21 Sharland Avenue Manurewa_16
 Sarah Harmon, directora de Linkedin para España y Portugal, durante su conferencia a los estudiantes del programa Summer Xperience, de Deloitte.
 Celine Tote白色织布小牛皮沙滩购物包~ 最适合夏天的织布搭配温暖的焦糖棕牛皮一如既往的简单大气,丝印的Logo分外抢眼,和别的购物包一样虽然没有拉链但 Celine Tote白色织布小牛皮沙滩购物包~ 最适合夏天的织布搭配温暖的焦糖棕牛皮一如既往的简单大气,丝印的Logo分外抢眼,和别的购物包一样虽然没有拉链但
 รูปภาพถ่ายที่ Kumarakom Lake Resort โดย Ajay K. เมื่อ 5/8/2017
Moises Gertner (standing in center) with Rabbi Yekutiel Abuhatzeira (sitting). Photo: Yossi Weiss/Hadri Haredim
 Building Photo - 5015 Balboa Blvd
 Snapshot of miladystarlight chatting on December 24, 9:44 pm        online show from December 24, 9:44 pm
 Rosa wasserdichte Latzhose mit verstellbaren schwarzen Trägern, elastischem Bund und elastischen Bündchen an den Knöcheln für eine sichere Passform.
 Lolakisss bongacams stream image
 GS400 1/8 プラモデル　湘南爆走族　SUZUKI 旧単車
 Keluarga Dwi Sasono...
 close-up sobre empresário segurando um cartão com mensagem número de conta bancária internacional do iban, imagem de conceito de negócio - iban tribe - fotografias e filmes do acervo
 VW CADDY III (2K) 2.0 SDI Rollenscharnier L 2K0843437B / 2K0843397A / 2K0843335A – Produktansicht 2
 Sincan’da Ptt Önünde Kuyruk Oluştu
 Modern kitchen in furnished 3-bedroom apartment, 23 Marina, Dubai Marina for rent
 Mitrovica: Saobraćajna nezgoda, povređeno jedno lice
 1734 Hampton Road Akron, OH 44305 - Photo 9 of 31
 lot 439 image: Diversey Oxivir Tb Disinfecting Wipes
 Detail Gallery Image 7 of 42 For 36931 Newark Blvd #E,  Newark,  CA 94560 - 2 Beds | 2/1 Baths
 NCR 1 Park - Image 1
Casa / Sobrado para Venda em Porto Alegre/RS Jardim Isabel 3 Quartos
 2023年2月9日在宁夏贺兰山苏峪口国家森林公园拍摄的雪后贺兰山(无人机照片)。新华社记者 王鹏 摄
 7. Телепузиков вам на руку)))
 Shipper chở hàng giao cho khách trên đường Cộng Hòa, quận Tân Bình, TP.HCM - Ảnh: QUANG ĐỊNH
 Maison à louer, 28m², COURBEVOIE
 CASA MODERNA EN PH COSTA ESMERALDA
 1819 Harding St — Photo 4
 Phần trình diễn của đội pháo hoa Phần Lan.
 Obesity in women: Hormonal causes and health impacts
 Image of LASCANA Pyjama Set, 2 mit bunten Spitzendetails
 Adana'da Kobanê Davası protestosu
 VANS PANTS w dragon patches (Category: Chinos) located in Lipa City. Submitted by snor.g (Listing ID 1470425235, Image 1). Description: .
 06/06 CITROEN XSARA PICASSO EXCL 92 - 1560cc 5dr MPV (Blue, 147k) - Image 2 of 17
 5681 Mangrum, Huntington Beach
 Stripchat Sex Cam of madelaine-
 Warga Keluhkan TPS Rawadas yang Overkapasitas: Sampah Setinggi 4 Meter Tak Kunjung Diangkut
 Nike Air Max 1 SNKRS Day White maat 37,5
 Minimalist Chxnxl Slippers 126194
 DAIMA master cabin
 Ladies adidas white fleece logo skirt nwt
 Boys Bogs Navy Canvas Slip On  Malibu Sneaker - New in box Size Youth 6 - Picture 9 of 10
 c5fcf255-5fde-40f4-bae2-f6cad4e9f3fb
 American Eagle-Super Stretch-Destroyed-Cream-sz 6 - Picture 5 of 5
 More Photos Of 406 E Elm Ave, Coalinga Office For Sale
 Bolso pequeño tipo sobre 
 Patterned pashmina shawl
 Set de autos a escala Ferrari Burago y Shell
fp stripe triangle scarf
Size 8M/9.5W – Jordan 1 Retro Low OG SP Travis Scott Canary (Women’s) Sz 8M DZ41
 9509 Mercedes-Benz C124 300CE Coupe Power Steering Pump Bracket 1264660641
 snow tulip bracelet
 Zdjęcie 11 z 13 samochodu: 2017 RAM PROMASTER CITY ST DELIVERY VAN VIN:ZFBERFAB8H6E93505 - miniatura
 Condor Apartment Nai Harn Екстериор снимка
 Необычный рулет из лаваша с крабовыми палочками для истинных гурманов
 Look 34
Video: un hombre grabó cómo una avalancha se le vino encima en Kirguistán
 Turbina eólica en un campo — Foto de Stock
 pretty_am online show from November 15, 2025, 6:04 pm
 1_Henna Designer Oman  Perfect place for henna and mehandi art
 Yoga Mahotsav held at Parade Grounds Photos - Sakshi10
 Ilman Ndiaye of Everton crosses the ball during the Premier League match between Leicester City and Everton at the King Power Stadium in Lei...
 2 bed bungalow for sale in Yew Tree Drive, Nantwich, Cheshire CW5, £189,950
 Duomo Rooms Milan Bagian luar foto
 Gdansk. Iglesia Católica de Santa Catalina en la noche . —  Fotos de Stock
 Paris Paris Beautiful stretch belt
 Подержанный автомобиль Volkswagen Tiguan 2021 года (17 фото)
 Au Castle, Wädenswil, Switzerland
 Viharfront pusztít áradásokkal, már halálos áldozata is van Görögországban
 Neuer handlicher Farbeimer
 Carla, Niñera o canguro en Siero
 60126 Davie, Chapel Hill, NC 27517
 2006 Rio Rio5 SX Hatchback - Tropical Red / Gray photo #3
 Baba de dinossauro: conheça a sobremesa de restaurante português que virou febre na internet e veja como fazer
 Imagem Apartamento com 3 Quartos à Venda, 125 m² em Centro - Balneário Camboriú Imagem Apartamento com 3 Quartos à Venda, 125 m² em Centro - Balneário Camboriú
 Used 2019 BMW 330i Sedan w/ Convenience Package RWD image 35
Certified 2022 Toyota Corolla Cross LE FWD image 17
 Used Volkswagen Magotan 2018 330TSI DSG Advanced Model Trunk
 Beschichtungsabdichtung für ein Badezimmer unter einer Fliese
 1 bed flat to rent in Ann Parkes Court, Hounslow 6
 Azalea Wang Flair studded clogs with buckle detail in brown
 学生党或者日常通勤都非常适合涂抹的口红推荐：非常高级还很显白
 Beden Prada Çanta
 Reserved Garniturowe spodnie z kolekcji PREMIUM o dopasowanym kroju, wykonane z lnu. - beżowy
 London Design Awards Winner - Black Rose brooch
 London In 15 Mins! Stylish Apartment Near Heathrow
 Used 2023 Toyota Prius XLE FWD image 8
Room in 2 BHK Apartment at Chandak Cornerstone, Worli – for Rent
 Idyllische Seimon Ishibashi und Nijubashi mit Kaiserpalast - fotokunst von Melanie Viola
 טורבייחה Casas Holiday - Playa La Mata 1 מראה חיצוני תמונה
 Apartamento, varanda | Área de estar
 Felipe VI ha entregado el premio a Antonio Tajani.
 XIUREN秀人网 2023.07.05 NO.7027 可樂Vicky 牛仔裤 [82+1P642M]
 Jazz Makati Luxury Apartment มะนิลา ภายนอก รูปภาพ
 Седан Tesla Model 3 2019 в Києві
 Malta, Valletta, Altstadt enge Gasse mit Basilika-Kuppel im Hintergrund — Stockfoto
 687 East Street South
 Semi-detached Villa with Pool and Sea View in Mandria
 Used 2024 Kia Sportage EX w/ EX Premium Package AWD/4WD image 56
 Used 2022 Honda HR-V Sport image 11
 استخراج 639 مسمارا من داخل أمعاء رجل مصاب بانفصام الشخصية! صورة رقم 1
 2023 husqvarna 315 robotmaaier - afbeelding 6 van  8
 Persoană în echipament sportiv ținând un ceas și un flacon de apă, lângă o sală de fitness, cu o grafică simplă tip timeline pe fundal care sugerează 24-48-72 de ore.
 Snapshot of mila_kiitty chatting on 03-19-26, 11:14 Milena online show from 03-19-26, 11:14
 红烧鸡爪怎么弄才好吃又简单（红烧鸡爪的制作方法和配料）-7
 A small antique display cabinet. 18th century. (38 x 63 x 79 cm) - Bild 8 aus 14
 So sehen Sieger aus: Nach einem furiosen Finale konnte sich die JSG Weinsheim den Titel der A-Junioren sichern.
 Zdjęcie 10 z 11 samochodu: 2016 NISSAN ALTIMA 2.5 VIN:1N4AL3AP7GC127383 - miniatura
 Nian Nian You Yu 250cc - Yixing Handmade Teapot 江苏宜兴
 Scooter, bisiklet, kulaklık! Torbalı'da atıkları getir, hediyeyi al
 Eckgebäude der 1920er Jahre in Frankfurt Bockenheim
* * * * *
# What the task requires:
Only the lines from the one containing "Scooter, bisiklet, kulaklık!" through the end of the data above are wanted, both ends included; restate them word for word.

# Completed exercise:
 Scooter, bisiklet, kulaklık! Torbalı'da atıkları getir, hediyeyi al
 Eckgebäude der 1920er Jahre in Frankfurt Bockenheim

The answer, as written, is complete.